Changer ce qui peut l'être, sans nécessairement attendre une réforme préalable de nos Traités ; ce faisant, préserver les conditions de la sécurité juridique, éclairer l'approfondissement de ces Traités et ainsi faciliter leur réforme. Tel est le fil conducteur issu du concept de la gouvernance européenne.

Cette démarche peut d'abord inspirer le fonctionnement des trois institutions, Parlement, Conseil, Commission et améliorer leur collaboration. La Commission avec sa réforme intérieure complétée par le Livre Blanc gouvernance, le Parlement européen avec le rapport Corbett touchant à l'ensemble de ses règles de fonctionnement et le Conseil des Ministres avec les propositions de son Secrétaire Général, se sont engagés sur cette voie. Il faut poursuivre et approfondir ces réformes.

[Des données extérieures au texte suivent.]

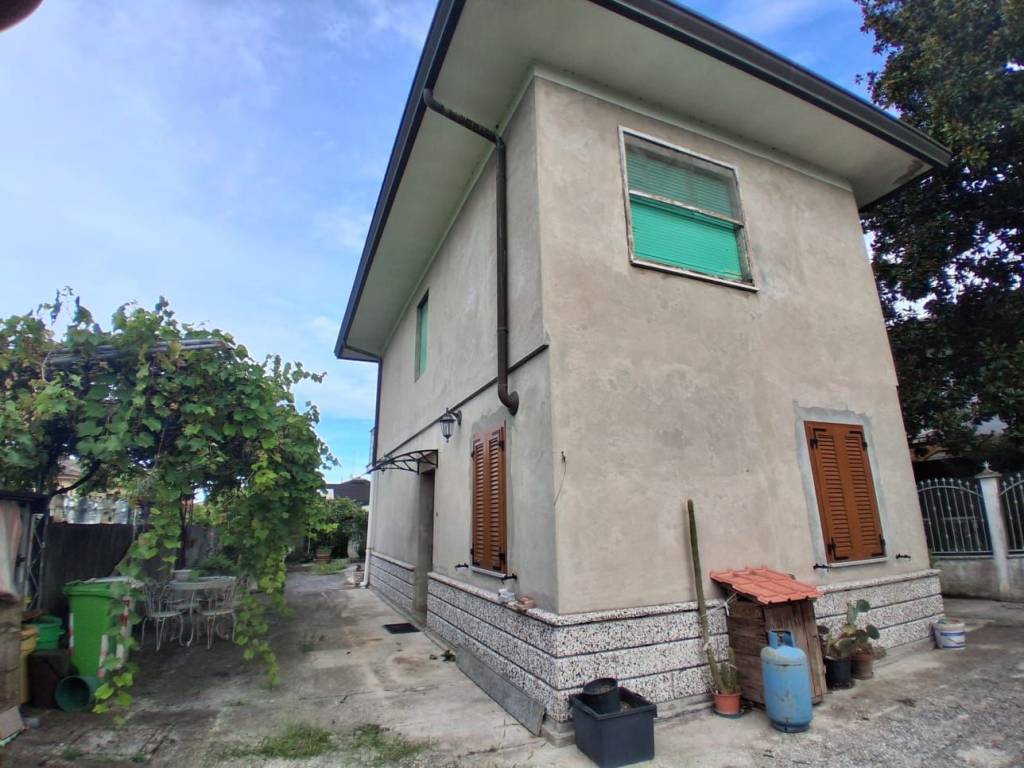 Villa a Porto viro in Via Monti d'Oro - Foto 4
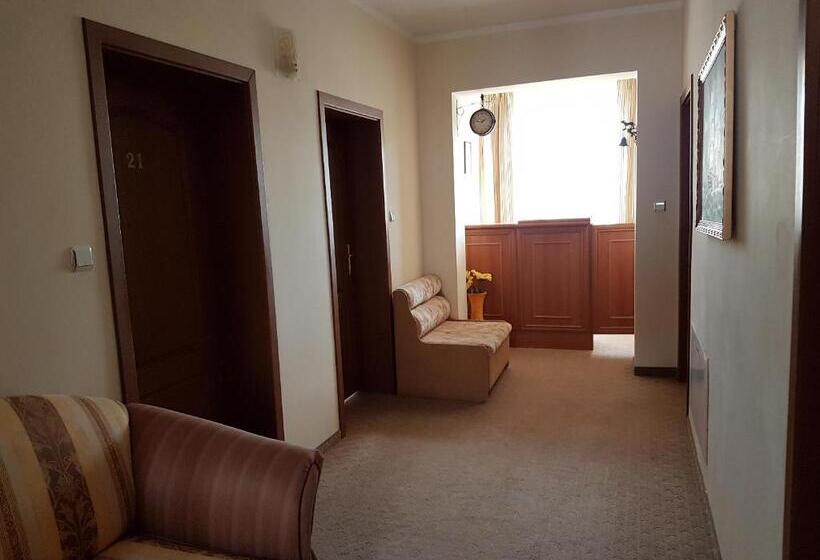 ペンション Guest House Markovi Aheloy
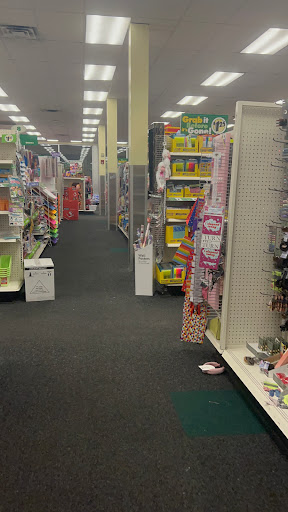 Dollar Store «Dollar Tree», reviews and photos, 1380 Easton Rd, Warrington, PA 18976, USA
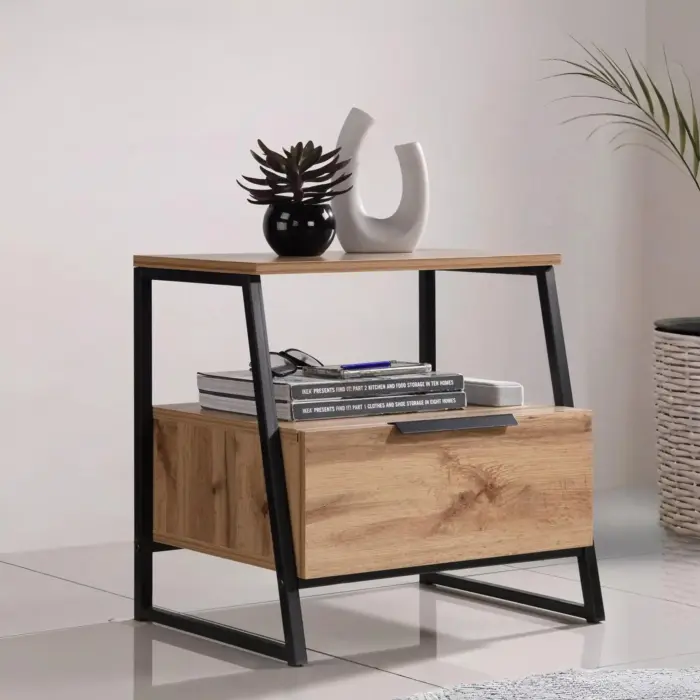 ROOMY NIGHT STAND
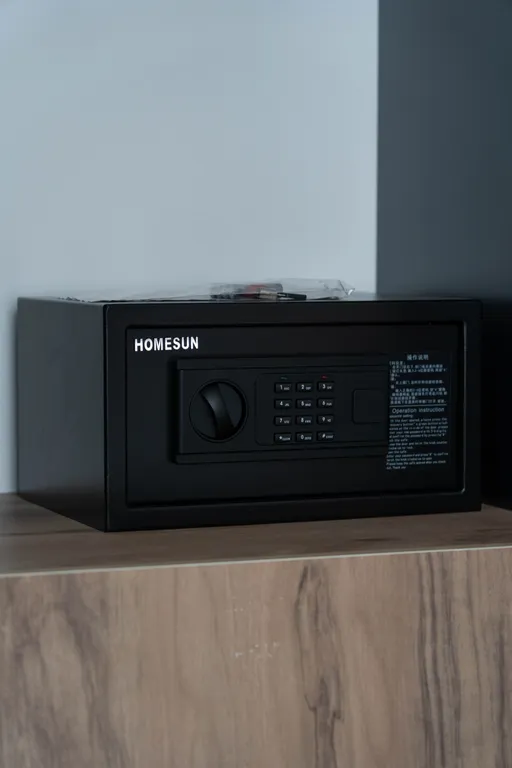 Уютный номер с 2 спальнями и баром, с видом во двор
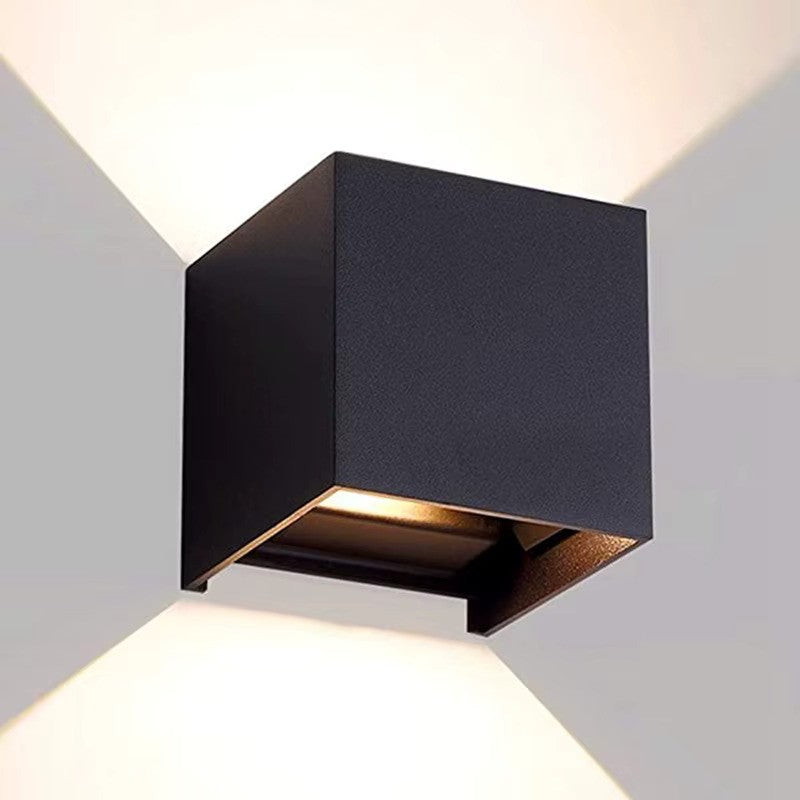 LumiFort | Lámparas de Pared Exterior Impermeables y Duraderas para Seguridad y Estilo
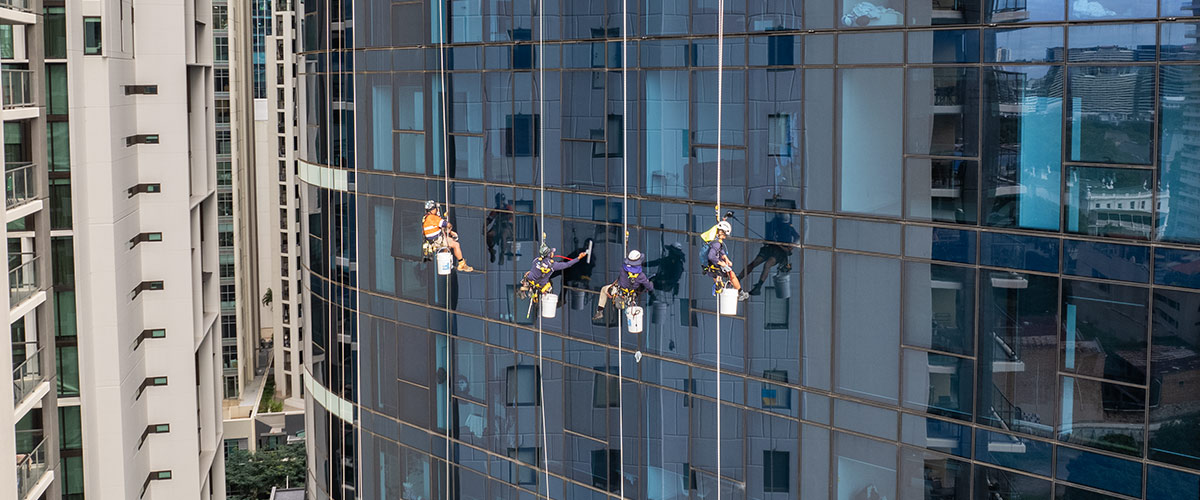 Commercial window cleaning Brisbane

Mais cette démarche prend toute sa signification au regard de la tâche de la Convention européenne elle-même, en charge de poser les bases constitutionnelles de notre Union, dans l'esprit du message que la Commission lui a adressé avec son « projet pour l'Union européenne ».

Révolution tranquille de nos manières d'agir, la gouvernance européenne illustre en fait le potentiel et la flexibilité de la méthode communautaire, élément fondateur de l'Union européenne. Pierre angulaire de cette méthode, le droit d'initiative de la Commission est la contrepartie indispensable du vote à la majorité au Conseil, dans la mesure où ce droit garantit le respect des intérêts vitaux minoritaires dans la définition de l'intérêt général. Demain, cette conception équilibrée de l'intérêt général sera encore plus importante afin d'assurer son autonomie, dans l'esprit même du plan d'action pour mieux légiférer.

De même, la complémentarité entre les institutions, au coeur de l'originalité du système communautaire, exigera de consolider ce recentrage auquel invitent, pour des raisons de responsabilité, de proportionnalité, de transparence et de sécurité juridique, les réformes de la gouvernance. De même enfin, avec la rationalisation des consultations, avec la prise en compte systématique et a priori des impacts de la législation, on touche à la question vitale de l'intensité de l'action communautaire, au coeur de l'équilibre entre efficacité et préservation des diversités qui devrait, selon la déclaration de Laeken, conduire à clarifier l'exercice des compétences partagées entre l'Union et les Etats membres.